ACÓRDÃO DO TRIBUNAL DE JUSTIÇA

25 de Junho de 1970 ( *1 )

No processo 47/69,

República Francesa, representado por Sua Excelência o embaixador extraordinário e plenipotenciário Renard Sinan, com domicílio escolhido no Luxemburgo na Embaixada de França,

recorrente,

contra

Comissão das Comunidades Europeias, representada pelo seu consultor jurídico, Joseph Griesmar, com domicílio escolhido no Luxemburgo no escritório de Émile Reuter, consultor jurídico da Comissão, 4, boulevard Royai,

recorrida,

em que é pedida a anulação da decisão da Comissão de 18 de Julho de 1969, relativa ao regime de ajudas francesas ao sector têxtil,

O TRIBUNAL DE JUSTIÇA,

composto por: R. Lecourt, presidente, R. Monaco e P. Pescatore, presidentes de secção, A. M. Donner, A. Trabucchi, W. Strauß e J. Mertens de Wilmars, juízes,

advogado-geral: K. Roemer

secretário: A. Van Houtte

profere o presente

Acórdão

(A parte relativa à matéria de facto não é reproduzida)

Fundamentos da decisão

1

Por recurso interposto em 26 de Setembro de 1969, a República Francesa pediu a anulação da decisão da Comissão de 18 de Julho de 1968, que tem por objecto, a título principal, a supressão da ajuda nacional à indústria têxtil ou, a título subsidiário, a admissão desta ajuda sob reserva da modificação da imposição parafiscal afectada ao seu financiamento.
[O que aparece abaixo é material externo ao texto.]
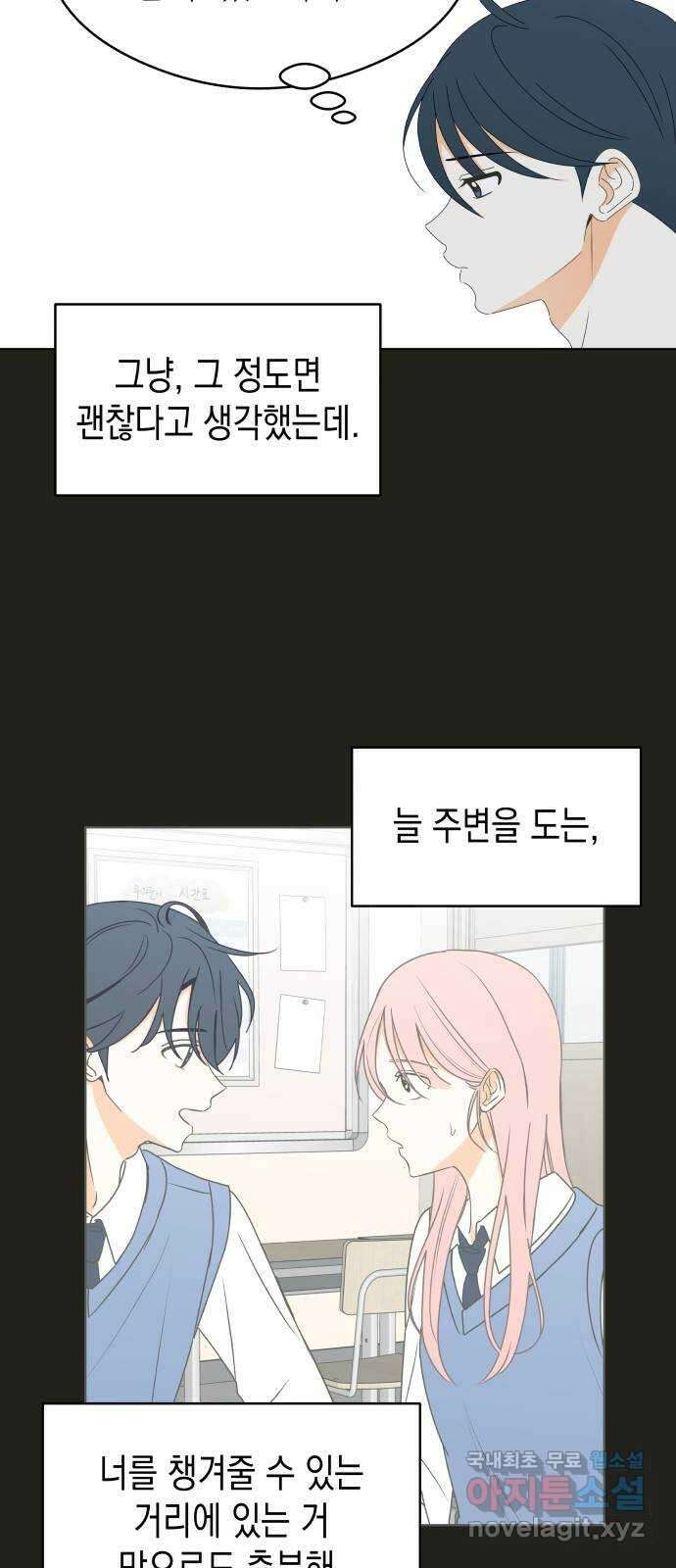 너의 순정, 나의 순정 43화 33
Quanto ao primeiro fundamento

2

O Governo francês sustenta, em primeiro lugar, que a decisão em causa não tem base legal e está ferida de desvio de poder já que o artigo 93o, n.o 2, do Tratado, ao permitir somente à Comissão decidir a supressão ou a modificação de um auxílio reconhecido como incompatível com o mercado comum, não pode servir de base a uma decisão que tem como objectivo fazer modificar a base de um imposto destinado ao financiamento desta ajuda.

3

Nos termos do artigo 93.o, n.o 2, do Tratado, se a Comissão verificar «que um auxílio concedido por um Estado ou proveniente de recursos estatais não é compatível com o mercado comum, nos termos do artigo 92.o, ou que esse auxílio está a ser aplicado de forma abusiva, decidirá que o Estado em causa deve suprimir ou modificar esse auxílio no prazo que ela fixar».

4

Esta disposição, ao tomar em consideração a relação que pode existir entre o auxílio concedido por um Estado-membro e o seu modo de financiamento através de recursos estatais, não permite à Comissão isolar o auxílio propriamente dito do seu modo de financiamento e ignorar este último se, associado ao auxílio propriamente dito, torna o conjunto incompatível com o mercado comum.

5

Nos termos do artigo 92.o, n.o 1, «são incompatíveis com o mercado comum, na medida em que afectam as trocas comerciais entre os Estados-membros, os auxílios concedidos pelos Estados ou provenientes de recursos estatais, independentemente da forma que assumam, que falseiem ou ameacem falsear a concorrência, favorecendo certas empresas ou certas produções».

6

Entretanto, por força do artigo 92.o, n.o 3, alínea c), «podem ser considerados compatíveis com o mercado comum… os auxílios destinados a facilitar o desenvolvimento de certas actividades ou regiões económicas, quando não alterem as condições das trocas comerciais de maneira que contrariem o interesse comum».

7

Para avaliar se um auxílio «afecta as trocas comerciais entre os Estados-membros», «falseia ou ameaça falsear a concorrência favorecendo certas empresas ou certas produções» e «altera as condições das trocas comerciais de uma maneira que contraria o mercado comum», é necessário considerar todos os elementos de direito ou de facto de que se compõe esse auxílio, nomeadamente, se não existe um desequilíbrio entre, por um lado, os encargos a suportar pelas empresas ou produções em causa, e, por outro, as vantagens que resultam da atribuição desse auxílio.

8

O exame de um auxílio não pode, assim, ser separado dos efeitos do seu modo de financiamento.

9

Por consequência, a Comissão é competente para decidir se a República Francesa devia suprimir ou modificar o conjunto do auxílio em causa.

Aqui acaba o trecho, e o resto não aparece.